Once the clear front-runner in the race, Ms. Quinn has pitched herself as a moderate, pragmatic candidate who enjoyed a friendly relationship with the mayor, an image that could be advantageous should she advance to the general election.
But her campaign has been unsettled by the sudden rise of Mr. de Blasio, the public advocate, whose outsider stance and fiery denunciations of Mr. Bloomberg have helped lift him into the top tier of candidates in the Democratic primary contest for mayor.
On Friday, Ms. Quinn held a news conference to announce that she and other Council members would oppose any attempts by the Bloomberg administration to overturn a ruling by a federal court judge who found that the stop-and-frisk practice violated the constitutional rights of minority groups. (The administration filed its appeal hours earlier.)
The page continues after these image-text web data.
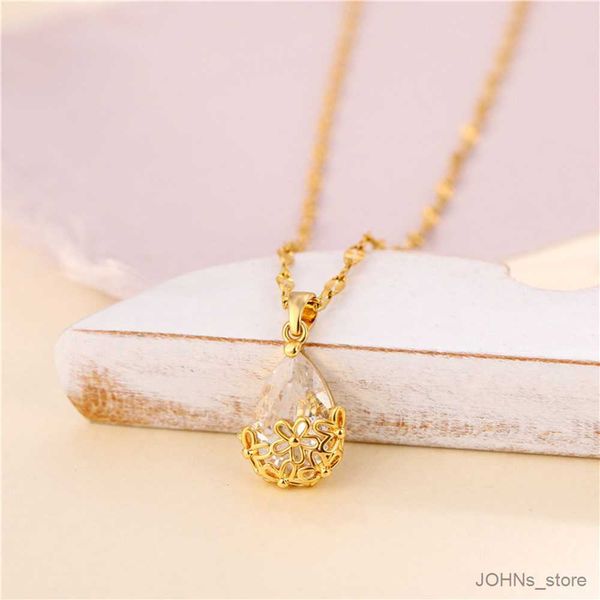 

pendant 2023 new romantic water drop inlaid with necklace for women female stainless steel necklace gift jewelry r230703, Silver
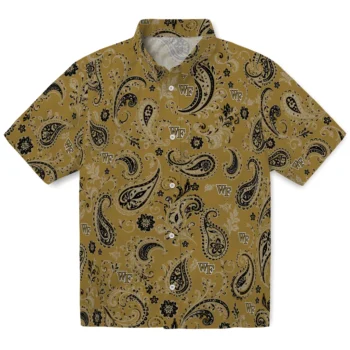 Wake Forest Demon Deacons Hawaiian Shirt - Paisley Print Gold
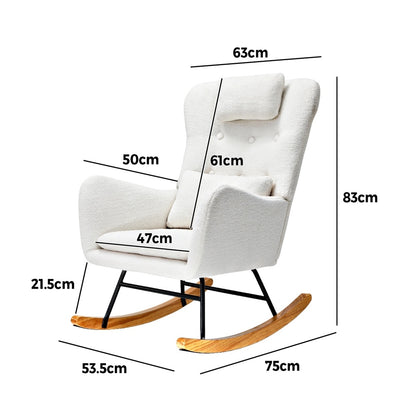 Oikiture 4x Rocking Chair Nursing Armchair Sherpa 2 Pillow White-Armchair-PEROZ Accessories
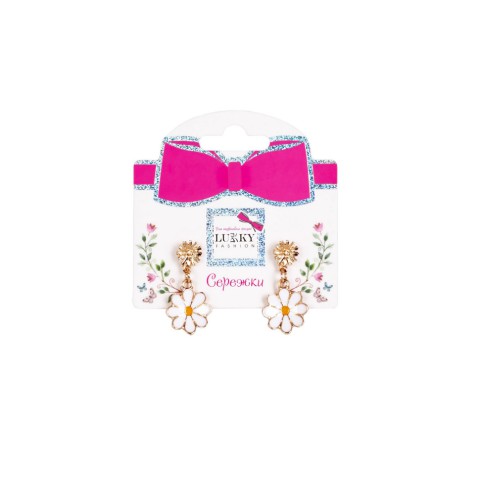 Дитячі сережки "Fashion ромашки" T24626 біло-жовтий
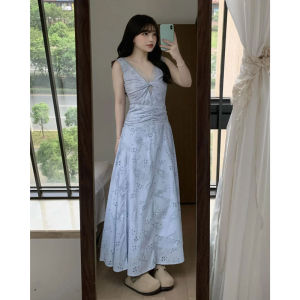 CHANGTONG | Đầm hở vai cổ chữ V thời trang phong cách Hàn Quốc Đầm bó sát mùa hè phổ biến Đầm vest nữ dáng chữ A không tay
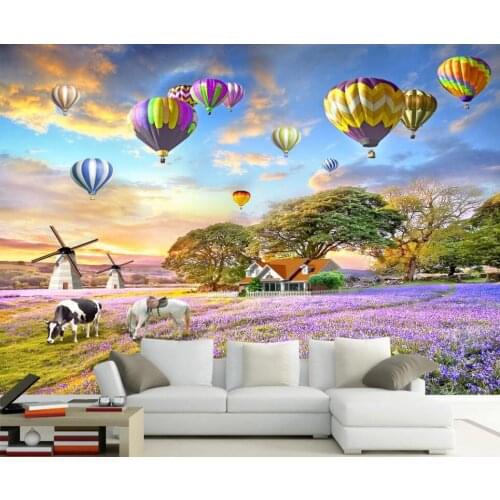 Customized 3D mural wallpaper dreamland flower sea ranch landscape painting oil painting background wall decoration painting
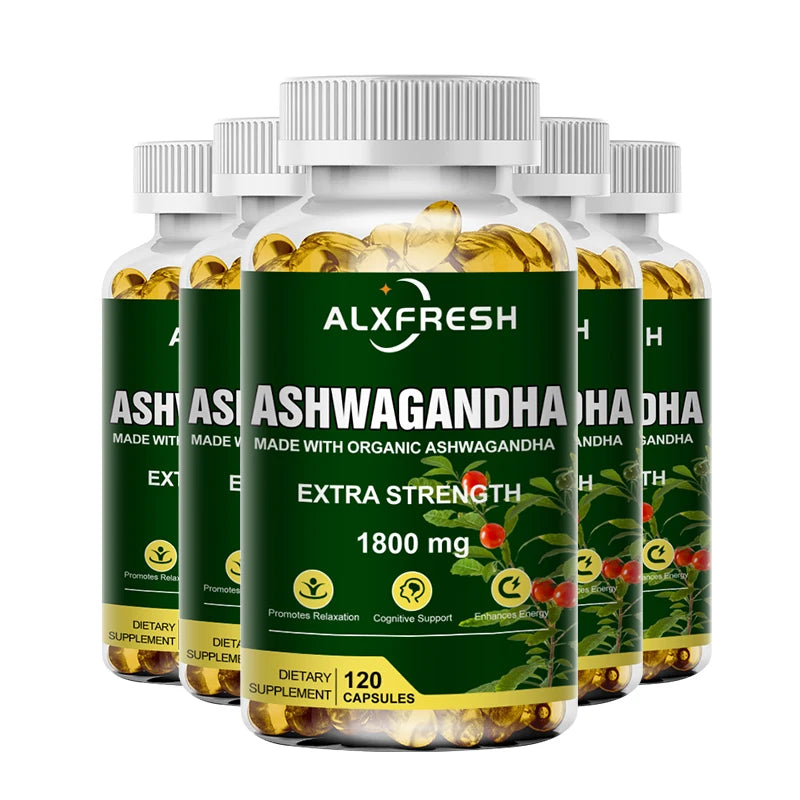 Pure Organic Ashwagandha Root Extract Capsule 1800Mg Supplement Help Stress, Focus, Brain, Energy Support Sleep Health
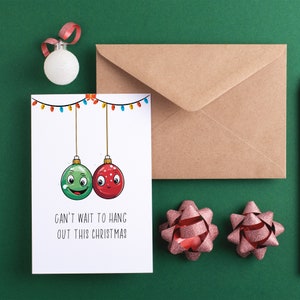 Tarjeta de Navidad divertida, humor navideño 'No puedo esperar para pasar el rato', perfecto para saludos de temporada festiva, regalo único para amigos, tarjeta punny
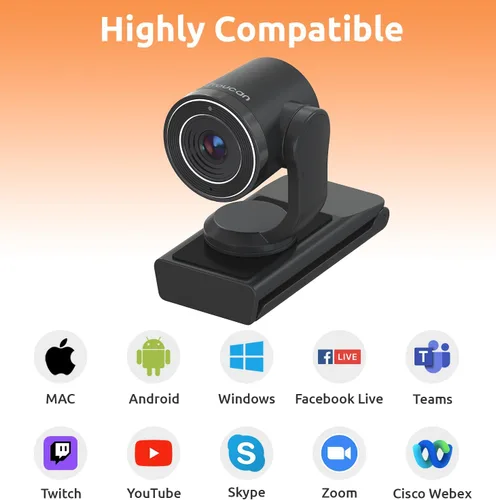 Vista 6 de TOUCAN Cámara web 1080P con micrófono, cámara de transmisión FHD con 1080P/60fps, protección de privacidad Plug and Play, cámara web ultra compacta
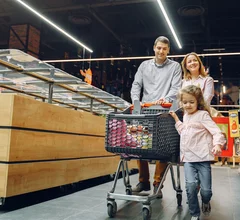 family in supermarket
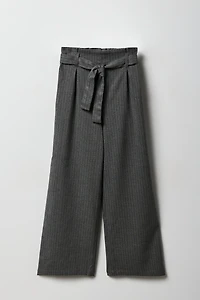 Pantalon à taille froissée et jambe large avec ceinture pour filles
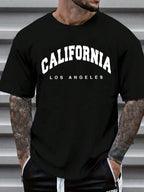 3D California Letter Print Men's Loose T-shirt Urban Street Men's Fashion Short-sleeved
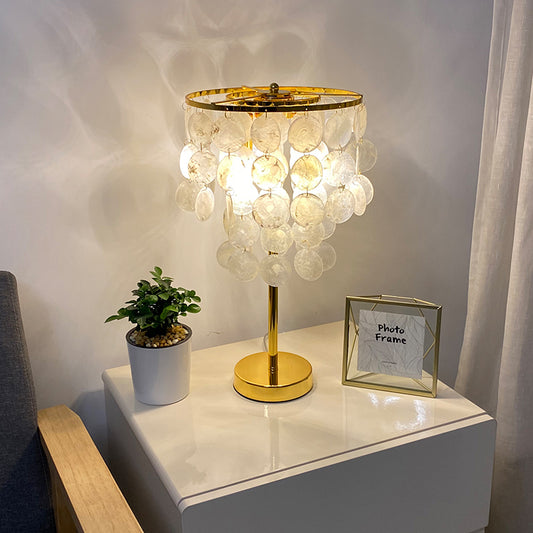 Cascading Shell Table Light Postmodern 1 Head White Nightstand Lamp with Gold Rod Arm Gold Clearhalo 'Lamps' 'Table Lamps' Lighting' 785937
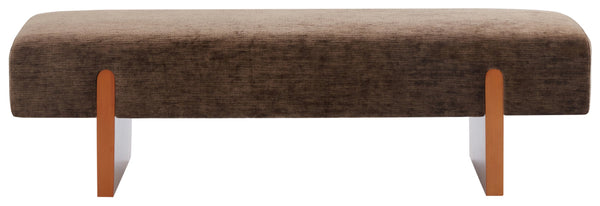 Kandiss Chenille Bench With Solid Wood Base, Plush High-Density Foam Seating For Entryway Decor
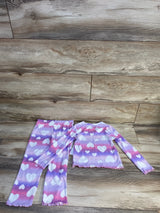NEW Tahari 2pc Ribbed Heart Pajama Set Purple sz 4T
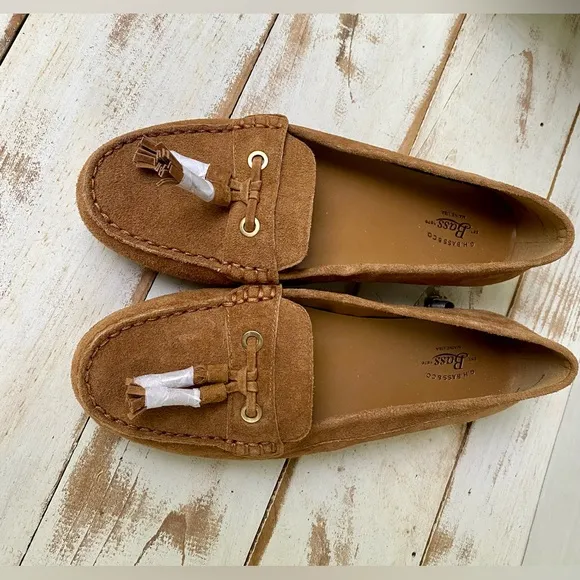 G.H. BASS Bonnie loafers honey tan suede leather sz 6.5 M NWOB moccasins slip-on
"Communities across the city have suffered long enough," Ms. Quinn said, adding, "There should be no further delay to long-needed reforms."
While Ms. Quinn has argued that the Police Department should take steps to reform its use of the tactic, her criticism had been less emphatic than that of Mr. de Blasio, the public advocate, who focused on the topic in his first television commercial.
Her more subtle critique of the practice — along with a pledge to retain Raymond W. Kelly, who has expanded its use, as police commissioner — has left some confused about her position.
In a televised interview on Friday, Thomas Roberts, an anchor for MSNBC, referred to Ms. Quinn as a supporter of the stop-and-frisk tactic.
Ms. Quinn interjected. "No, no, no," she said, shaking her head, "that's actually not accurate." She said she agreed with the court's ruling against the city.
But Mr. Roberts was perplexed, asking Ms. Quinn why, then, she would keep Mr. Kelly on the job. Ms. Quinn said that in her administration, "unconstitutional stops will end."
Later in the day, pressed about Mr. Kelly, Ms. Quinn drew an even sharper distinction with the current administration.
"Ray Kelly has implemented Mike Bloomberg's vision of stop and frisk," she said. "Chris Quinn's vision of stop and frisk is totally different. And then it will be his choice of whether he wants to implement that, or not."
Mr. de Blasio's blunt statements have engendered their own confusion: he supports changes to the stop-and-frisk tactic, as Ms. Quinn does, but not its elimination.
Of the major Democratic contenders, only John C. Liu, the city comptroller, has said he would abolish the practice entirely, a point that Ms. Quinn explained to Mr. Roberts on MSNBC.
Asked about it later, Ms. Quinn laughed.
"You typically don't take airtime, particularly not on national cable shows, to mention other people's names," she told reporters. "But since Mr. Roberts was putting incorrect facts out there, I felt like I needed to correct the record."
As his tenure increasingly comes under fire in the mayoral race, Mr. Bloomberg, for his part, could barely contain his exasperation with the Democrats.
On his radio program on Friday, the mayor complained about the Democratic candidates' eagerness to reform policing tactics and criticism of his ideas to raise revenue for public housing.
"If anybody's got any better ideas, I'd like to hear them — concrete ideas," Mr. Bloomberg said. "Not just say, 'Oh, there's better ways — if you elect me, then I'll tell you.' "
He also suggested an idea: a fingerprinting system so that only residents of public housing could enter their buildings.
By the end of the day, nearly every candidate for mayor, including Ms. Quinn, had condemned the idea.
The mayor's spokesman, Marc La Vorgna, later took to Twitter to defend his boss.
"I look forward to 20 years from now," Mr. La Vorgna wrote, "when everything will use biometrics, and people will look at candidates' comments today and laugh."